AIM OF THE EXERCISE. Here is the task for the listing below: output exactly the lines from the one containing "Rosa Quinceanera Prinzessin" through the one containing "White & blue", and leave out the pictures.

EXERCISE INPUTS.
━━━
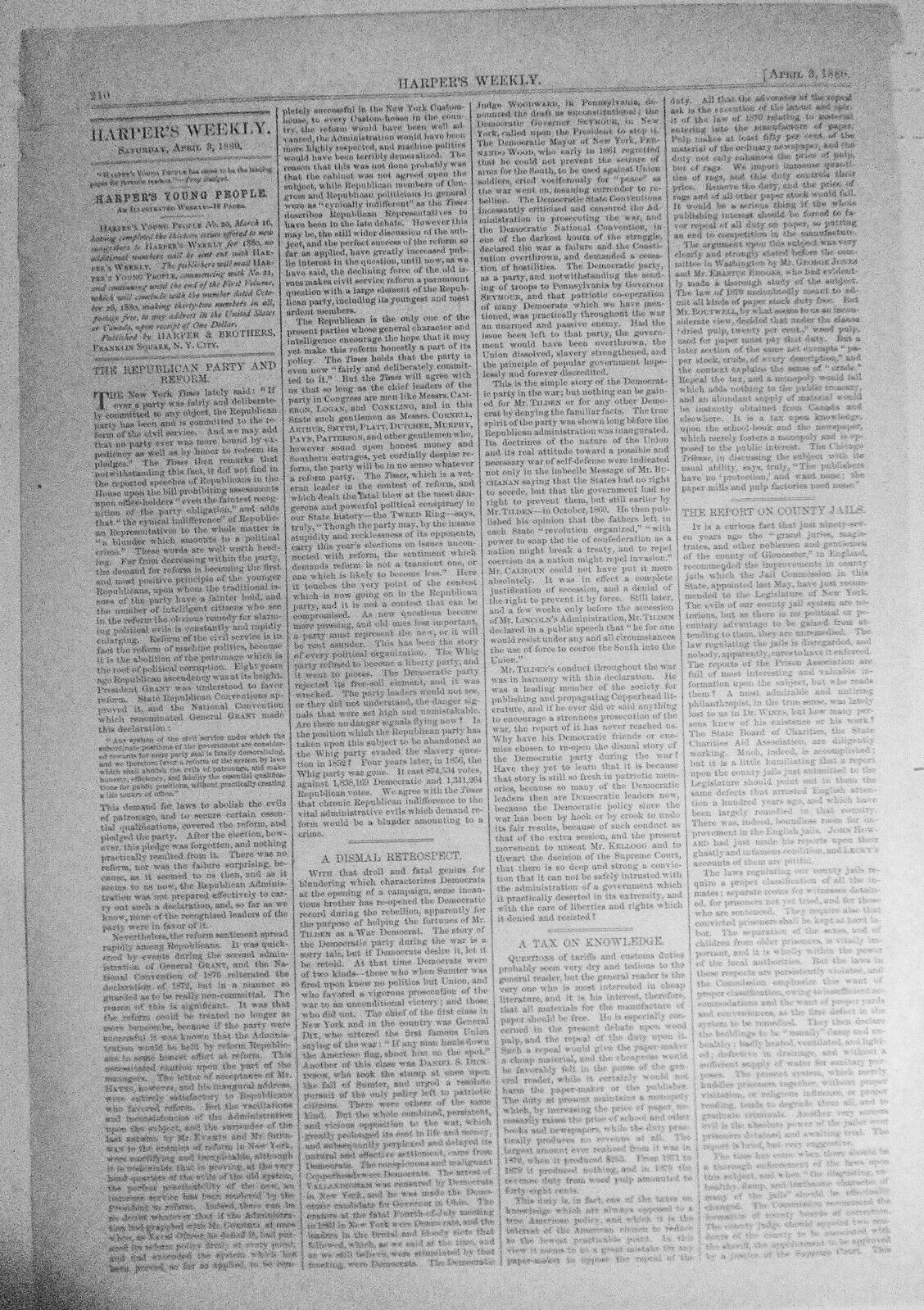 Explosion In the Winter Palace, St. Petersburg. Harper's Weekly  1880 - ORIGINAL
━━━
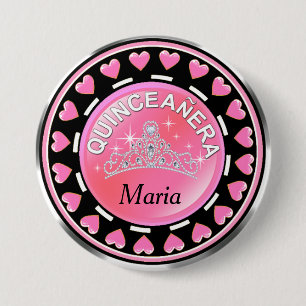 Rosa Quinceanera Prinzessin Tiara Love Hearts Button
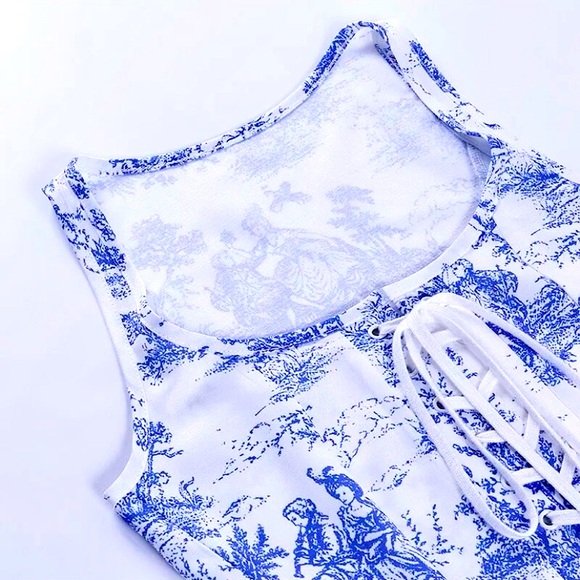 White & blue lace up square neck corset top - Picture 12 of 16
━━━
WRITTEN ANSWER.
 Rosa Quinceanera Prinzessin Tiara Love Hearts Button
 White & blue lace up square neck corset top - Picture 12 of 16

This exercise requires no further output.